• What is expected: Restate the full listing word for word; images stay out of it.
-*-*-
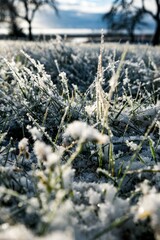 macro view with snowy grass 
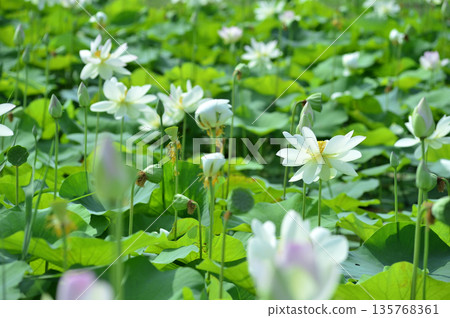 在農村看到的蓮花 135768361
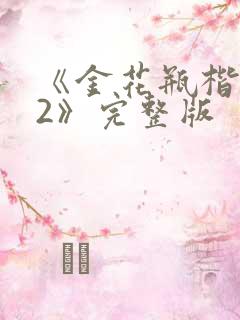 《金花瓶楷梅花2》完整版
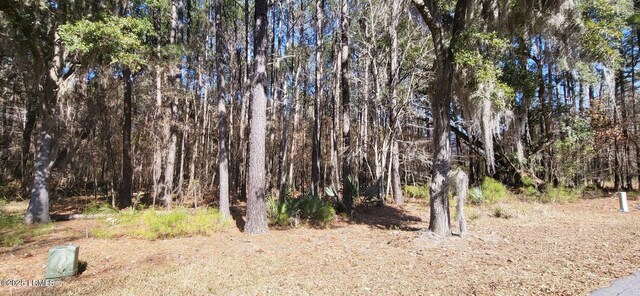340 Twickenham Loop, Yemassee, SC 29945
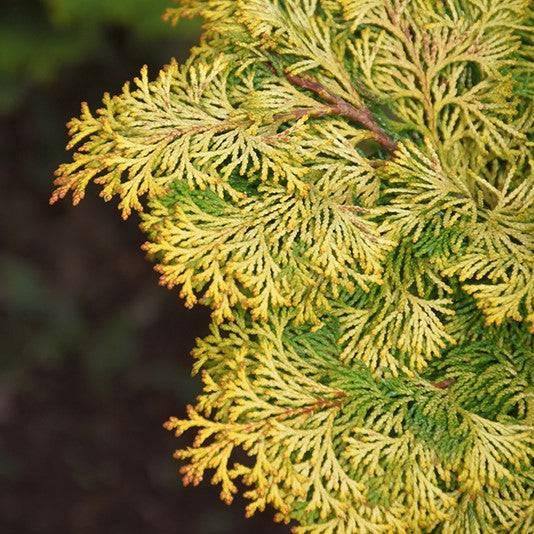 Chamaecyparis - 3 gallon - Hicks Nurseries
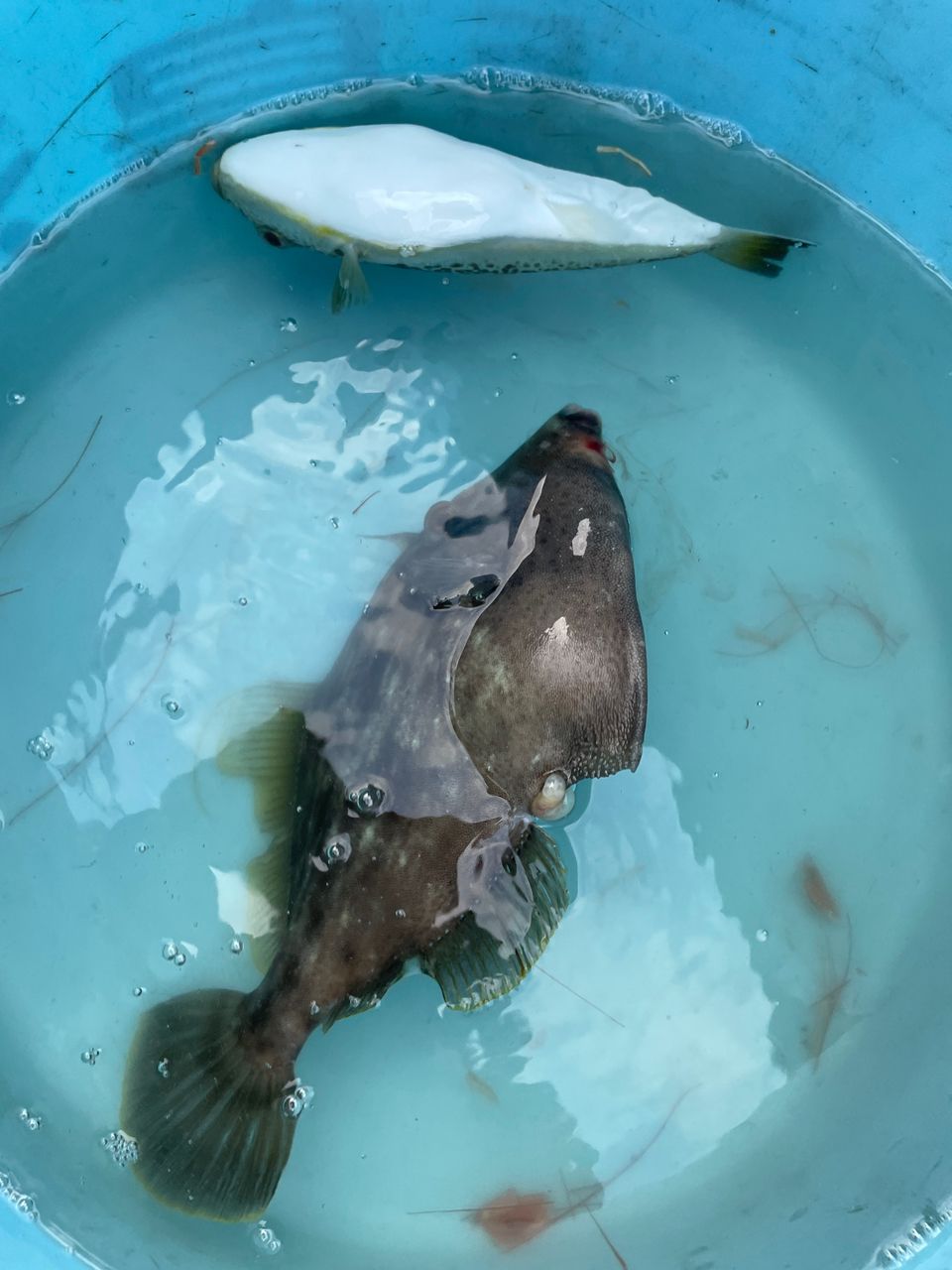 釣りキチ爺さんスーさんの釣果 3枚目の画像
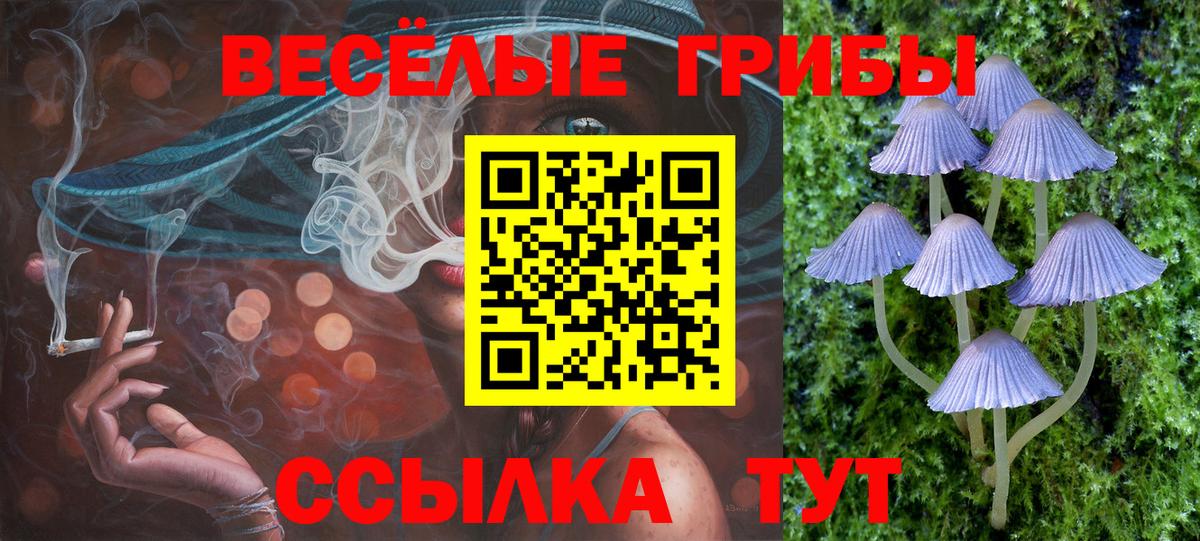 Галлюциногенные грибы Cubensis  закладка  Прокопьевск  Вход с VPN 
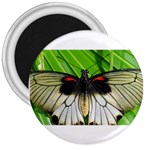 butterfly 3  Magnet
-*-*-
• Task answer:
 macro view with snowy grass 
 在農村看到的蓮花 135768361
 《金花瓶楷梅花2》完整版
340 Twickenham Loop, Yemassee, SC 29945
 Chamaecyparis - 3 gallon - Hicks Nurseries
 釣りキチ爺さんスーさんの釣果 3枚目の画像
 Галлюциногенные грибы Cubensis  закладка  Прокопьевск  Вход с VPN 
 butterfly 3  Magnet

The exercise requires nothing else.